_EXERCISE GOAL_. Word for word, restate the lines from the one holding "Ночное нитро обои" through the last line of the material below, and leave every picture out.

_DATA SUPPLIED_.

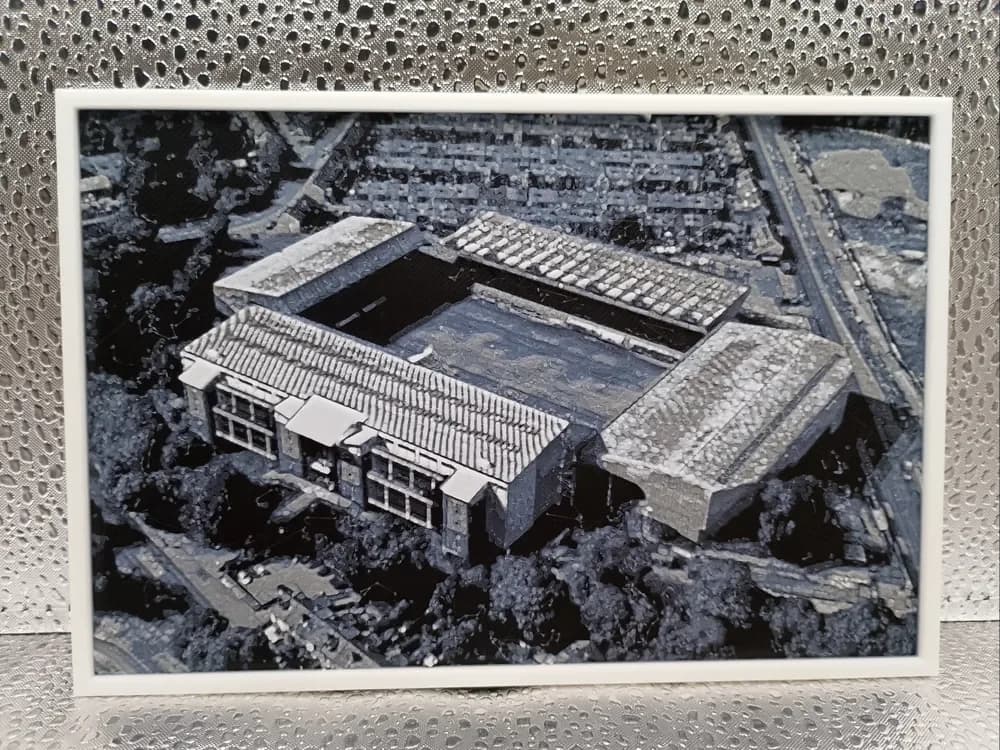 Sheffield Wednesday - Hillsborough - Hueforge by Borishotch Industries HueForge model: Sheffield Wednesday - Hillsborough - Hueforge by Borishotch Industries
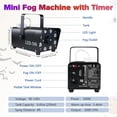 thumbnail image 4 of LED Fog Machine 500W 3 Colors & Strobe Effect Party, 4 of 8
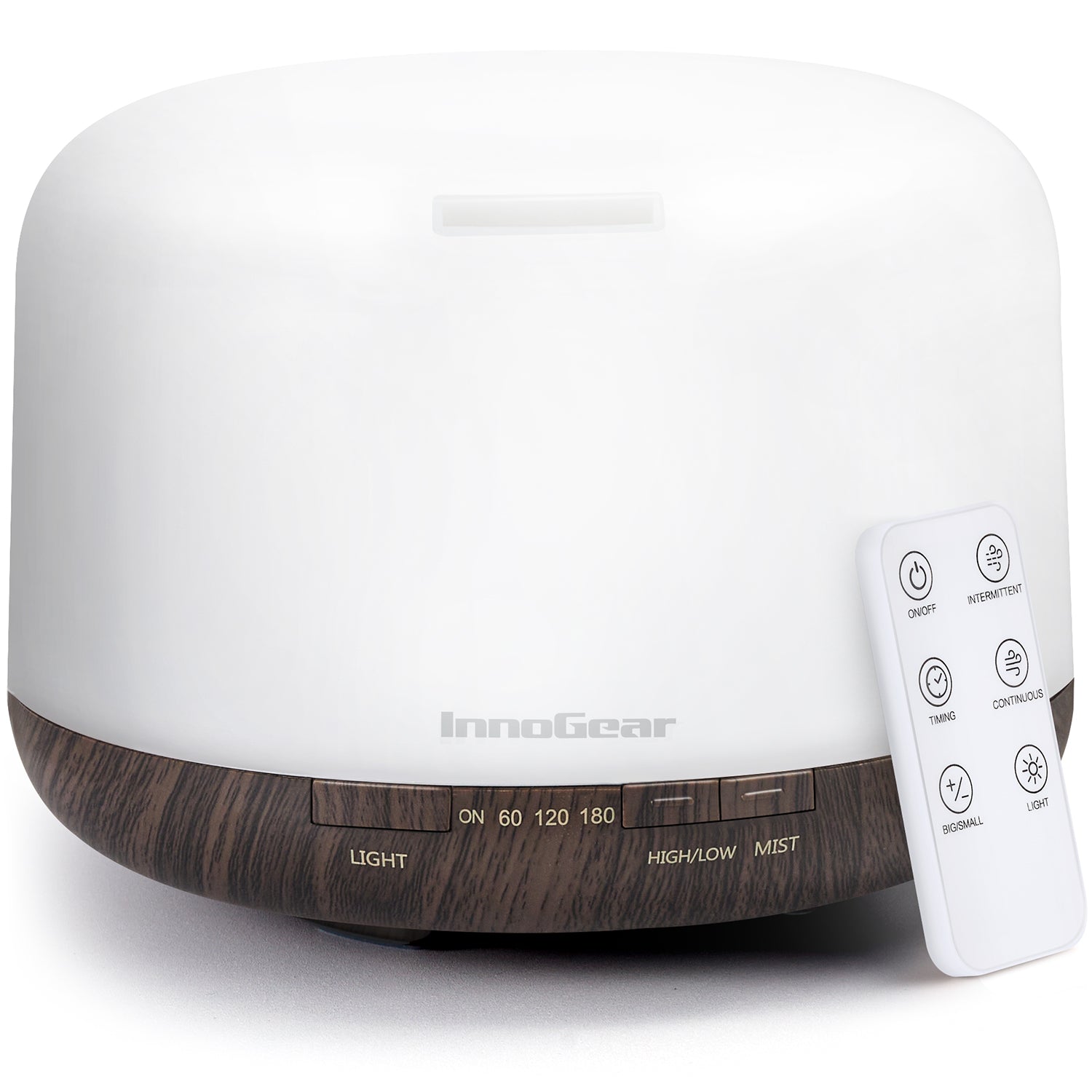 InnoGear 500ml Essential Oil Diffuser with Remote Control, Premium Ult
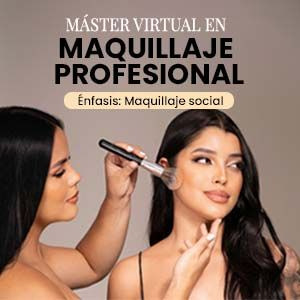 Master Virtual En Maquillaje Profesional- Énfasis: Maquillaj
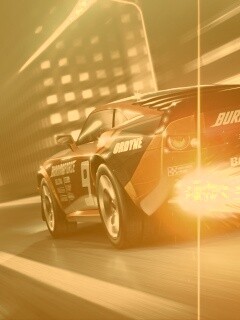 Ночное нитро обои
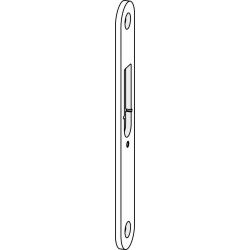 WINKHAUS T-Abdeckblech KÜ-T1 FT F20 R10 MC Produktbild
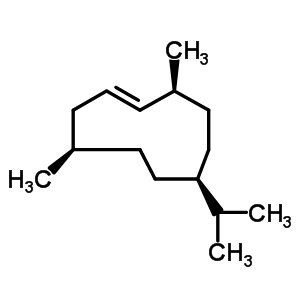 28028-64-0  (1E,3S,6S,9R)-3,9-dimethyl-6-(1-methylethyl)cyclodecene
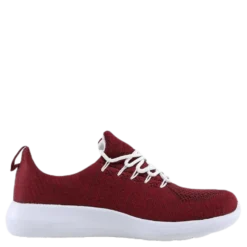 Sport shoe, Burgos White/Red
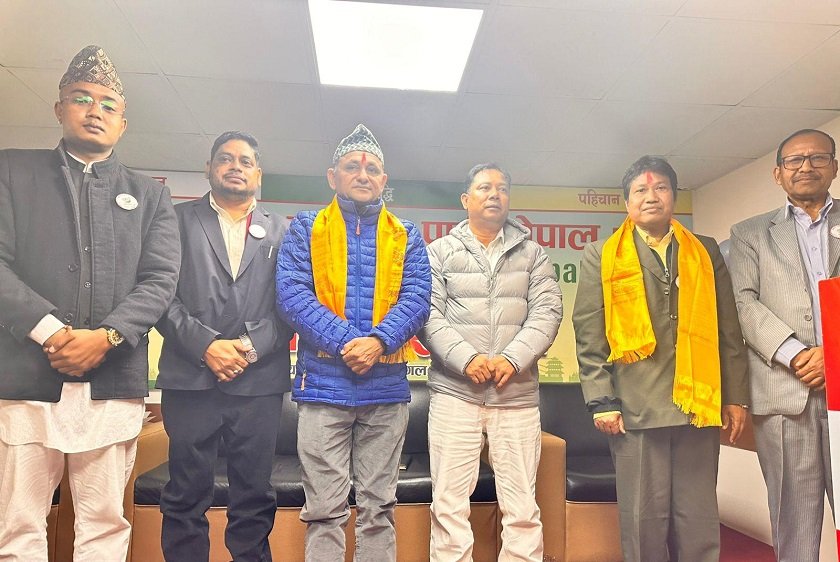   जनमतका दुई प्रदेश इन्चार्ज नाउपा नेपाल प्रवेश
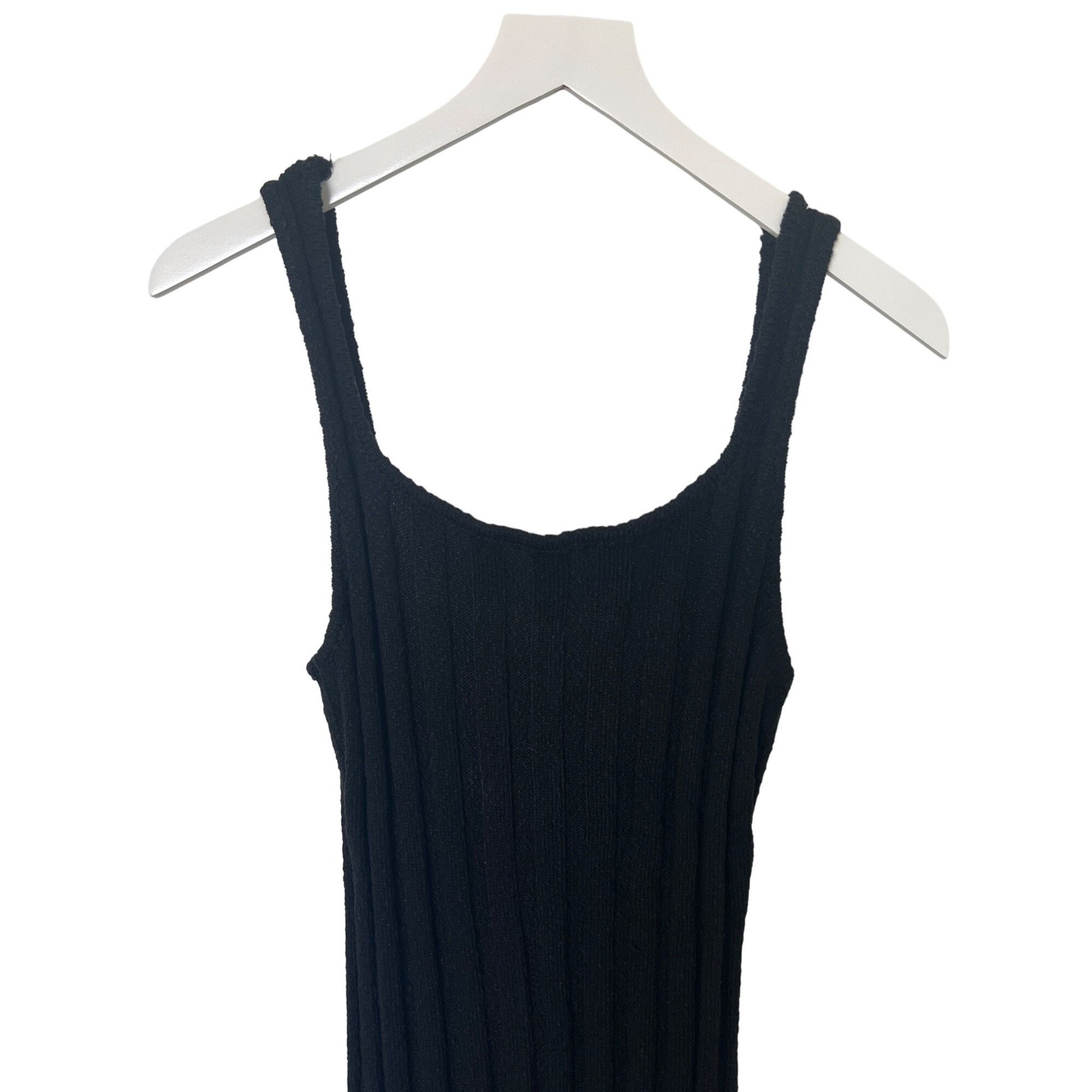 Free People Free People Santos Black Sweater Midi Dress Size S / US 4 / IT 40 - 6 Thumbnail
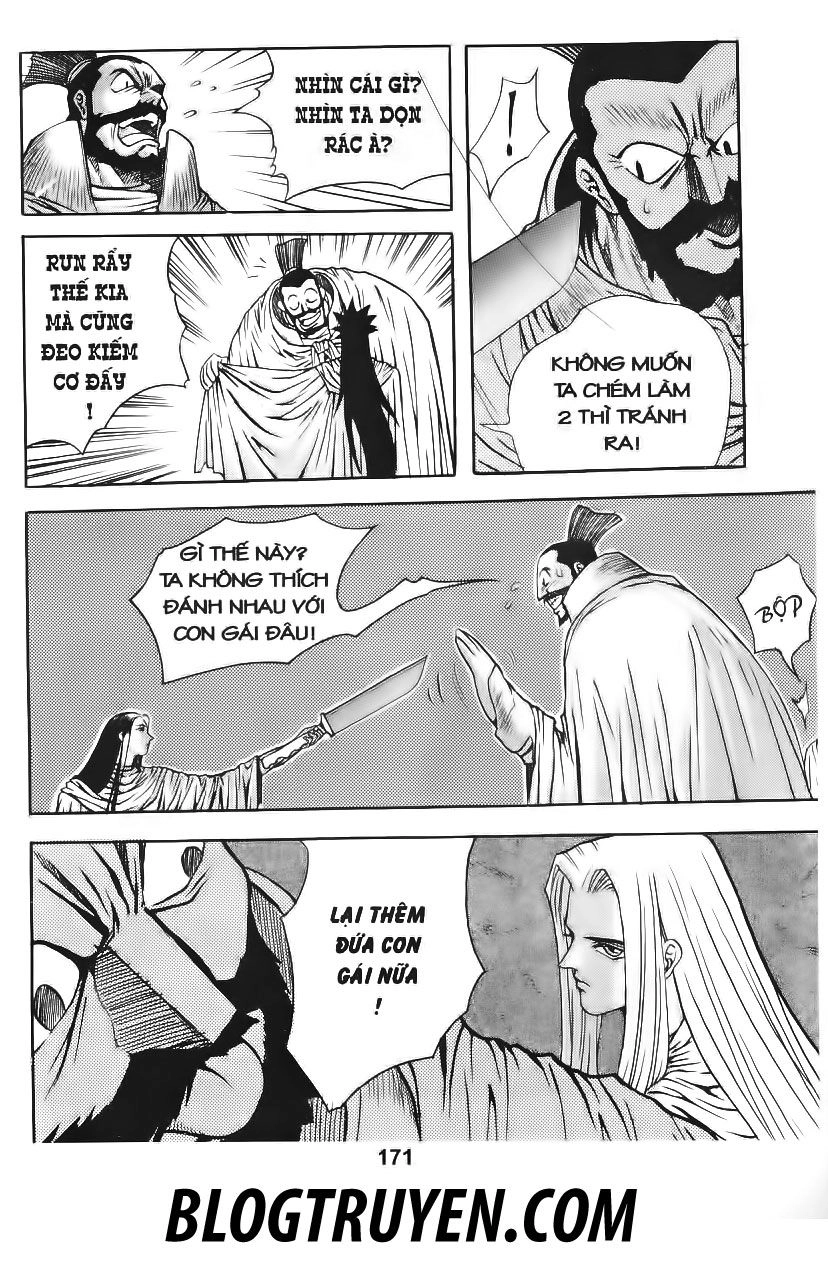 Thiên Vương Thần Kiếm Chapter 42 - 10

_WRITTEN SOLUTION_.
 Ночное нитро обои
 WINKHAUS T-Abdeckblech KÜ-T1 FT F20 R10 MC Produktbild
 28028-64-0  (1E,3S,6S,9R)-3,9-dimethyl-6-(1-methylethyl)cyclodecene
 Sport shoe, Burgos White/Red
   जनमतका दुई प्रदेश इन्चार्ज नाउपा नेपाल प्रवेश
 Free People Free People Santos Black Sweater Midi Dress Size S / US 4 / IT 40 - 6 Thumbnail
 Thiên Vương Thần Kiếm Chapter 42 - 10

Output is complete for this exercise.